VARESE (m.tav.) Dopo l’Angolo di Cielo, il bar di via Sacco acquistato due anni fa dal giovane Weiwei Chen, è la volta del Caffè Leoni di viale Milano. Il titolare, da tre setimane, è l’altrettanto giovane Mirko Ye, 31 anni, nato a Zhe Jiang, ma residente nel Paese da 13 anni. Prima di arrivare in città gestiva un bar a Ponte Tresa. Oggi, è dietro il bancone del Caffè Leoni.
«Ho la passione di lavorare nei locali – spiega Mirko – un settore che comunque non risente molto della crisi. Da lavorare c’è sempre. E poi abbiamo in mente di ampliare l’offerta degli apertivi, così da attrarre maggiore clientela ed offrire un servizio alla cittadinanza». Insomma, la rivoluzione culturale dei bar va avanti. Se fino a qualche decennio fa i pochi cinesi presenti a Varese gestivano esclusivamente ristoranti etnici, oggi si stanno ampliando ed arrivano anche a gestire attività tradizionali.

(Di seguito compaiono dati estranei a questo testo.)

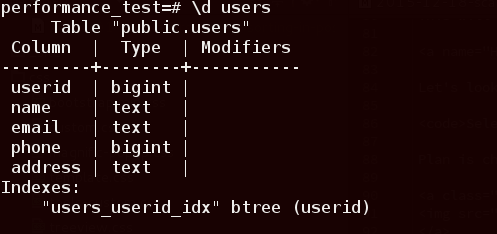 Postgres table with index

Al Caffè Leoni, tra l’altro, sono rimaste a lavorare anche le cameriere di prima. Un altro segno di integrazione, che mostra come le attività che hanno cinesi come proprietari non vedano più esclusivamente cittadini dello stesso Paese essere dipendenti.

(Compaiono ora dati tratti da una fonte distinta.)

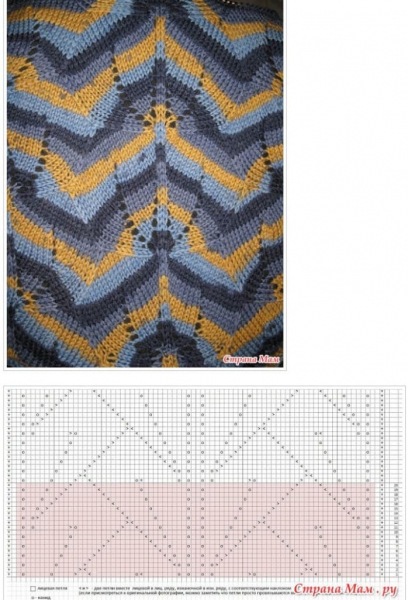50 великолепных моделей Missoni с образцами
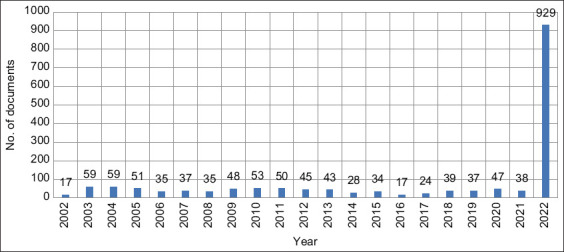 Figure-1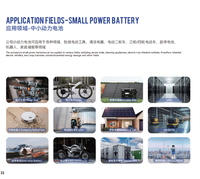 Oem 301525 Mode baterai isi ulang 80mAh kantong Lithium baterai polimer Lithium-ion baterai saku sel baterai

Così anche la clientela non cambia. Addirittura, all’Angolo di Cielo, per citare il primo esempio, la maggior parte della clientela è costituita dai ragazzi della scuola europea. Un bar gestito da un cinese, con clienti italiani, ma anche danesi, inglesi tedeschi e di altri Paesi europei. Segno di integrazione, o segno dei tempi? Di sicuro, il dato certo è che gli italiani tendono ormai a mollare le attività commerciali quando possibile. L’unica eccezione a Varese è la zona della Piccola Brera, dove i locali, ricercati e di tendenza, continuano ad aprire e ad avere vita facile. Ma è un’isola. Intorno, si tende a vendere.